[[ Recorded information, beginning ]]
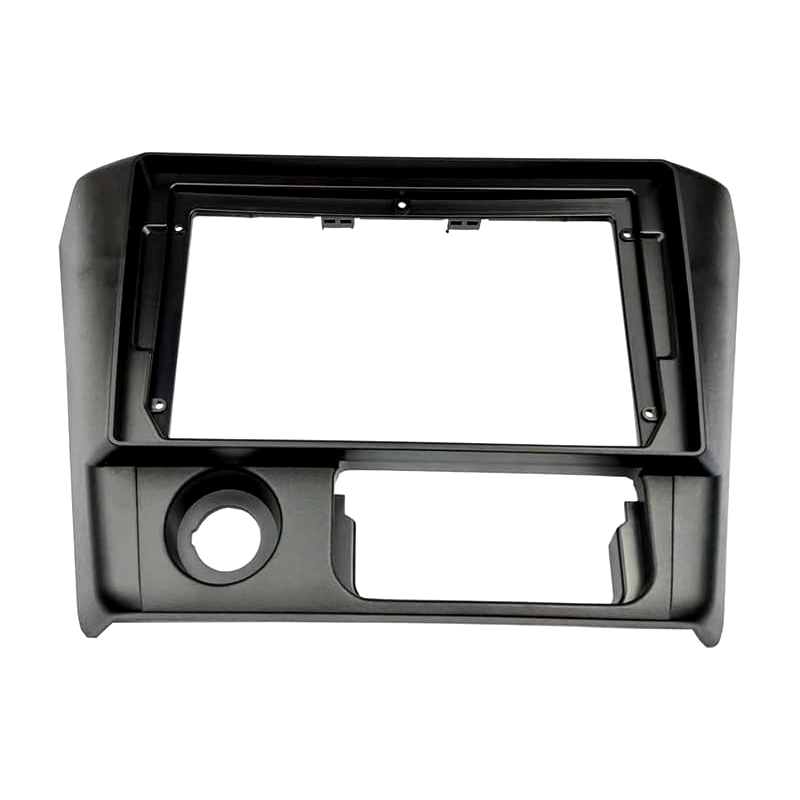 Mitsubishi | Lancer | 2008+ | 9 Inch LHD Car Radio Frame Dash Panel Kit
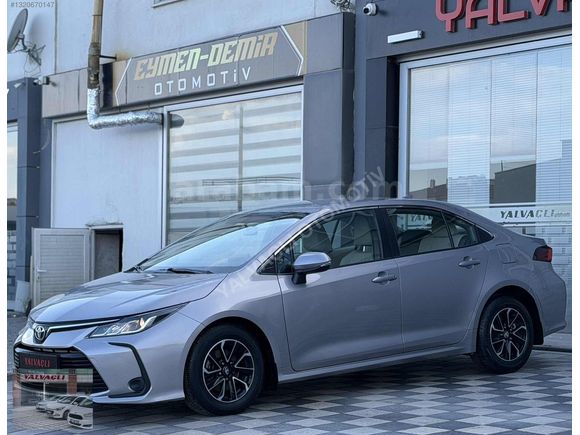 2019 Boyasız ! Sadece 42.000 Km_COROLLA_1.6_MultiDrive-S_VİSİON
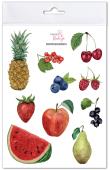 Opakowanie Naprasowanki Owoce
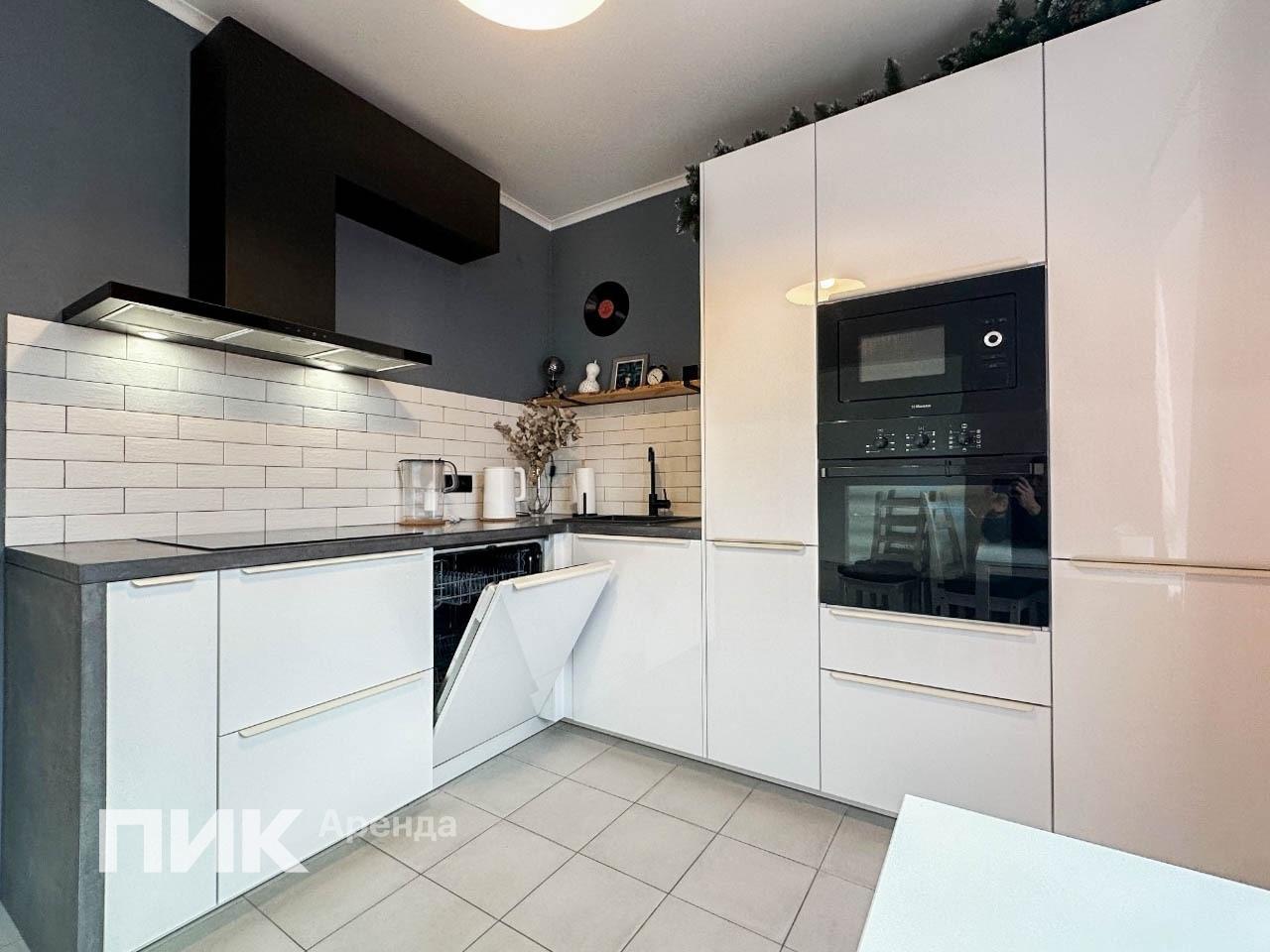 1-к. квартира, 46.9 м², 86 400 ₽/мес — фото № 11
[[ Recorded information, end ]]
→ Description of the task
Look for the line that contains "2019 Boyasız !", then please copy it and the rest of the lines through the end of the data, pictures excluded.

→ Exercise response
 2019 Boyasız ! Sadece 42.000 Km_COROLLA_1.6_MultiDrive-S_VİSİON
 Opakowanie Naprasowanki Owoce
 1-к. квартира, 46.9 м², 86 400 ₽/мес — фото № 11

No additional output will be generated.